Yes, you’d want to make that roof an un-sun hero, and you’d probably want to do a bunch of other work on the car to bring it up to snuff. There being a number of far cleaner, and less molested, Panteras out there for not that much more seemingly made that car’s value ring hollow. In the end, it fell in a pretty decisive 80% Crack Pipe loss.
You know, I’d love to own two of De Tomaso’s pointy odes to speed. That way I could tell everybody I own an Italian pair of Pants. I can hear the resigned groans now!
Seeing as the cost of that dumb joke is well outside of my current finances maybe I should look to something a little cheaper, and perhaps more horsey? In fact, maybe something like this rare 1966 Ford Bronco Roadster which, while actually far rougher than yesterday’s Pantera, actually comes across all the better for it.
The Roadster edition of Ford’s yee-haw off-roader is denoted by its lack of hard top, windows and doors, and typically the inclusion of fiberglass inserts in the door jambs sculpting them into Jeep-esque shapes befitting soft canvas fillers.
The real McCoy Roadsters were all built between ’66 and ’68 and are denoted by a leading U13 code on their vehicle identification number. As you might expect, they even have their own Website.
This one seeming has all the right moves and still rocks the standard 170-CID straight six and 3-on-the-tree manual gearbox. A Dana 20 transfer case sends power to both front and rear axle, as it should.
Let’s talk about that straight six for a moment.
Ford’s third generation inline six was an OHV design originally intended for the compact Falcon and offered in that line in 144-CID form.
The 170 is a stroked version of the 144 and it served as the Mustang’s standard mill at that model’s debut. These engines are long known for their durability and reliability. In fact, should you ever need a pacemaker, you could do far worse than to have one of these powering it. It’s that confidence inspiring.
The version used in the Bronco is even stouter than the one that came in the ‘Stangs, featuring mechanical lifters, and providing a calculated gross output of 105-bhp.

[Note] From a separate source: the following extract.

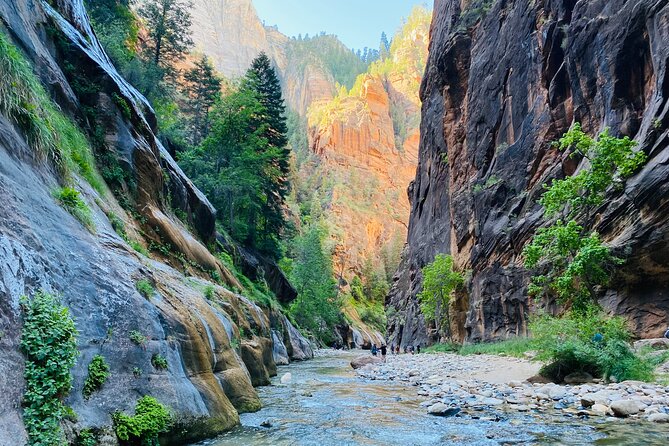 The Narrows: Zion National Park Private Guided Hike - Cancellation Policy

This one is said to “run and drive good” and comes with a clean title. It also comes with a good bit of patina but the seller says it’s a solid citizen. The floor panels have been replaced and while the work there might take away form the truck’s originality, at least you wouldn’t have to Fred Flintstone it while driving.
One perk of buying this Bronco is that you also get a bunch of Bronco Bits that go along with it. Those including a rolling frame - with its own clear title - and a top and doors if the whole Roadster thing doesn’t quite ford your stream.
The price tag for that package deal price is $8,900. Broncos, like Panteras, have skyrocketed in value in the past decade and it’s now time for you to decide if this one’s price sets off fireworks in your head.
What’s is your take on this U13 Bronco and that $8,900 asking? Is that a deal that should have someone Bronco busting down the seller’s door? Or, to that do you simply say horsefeathers?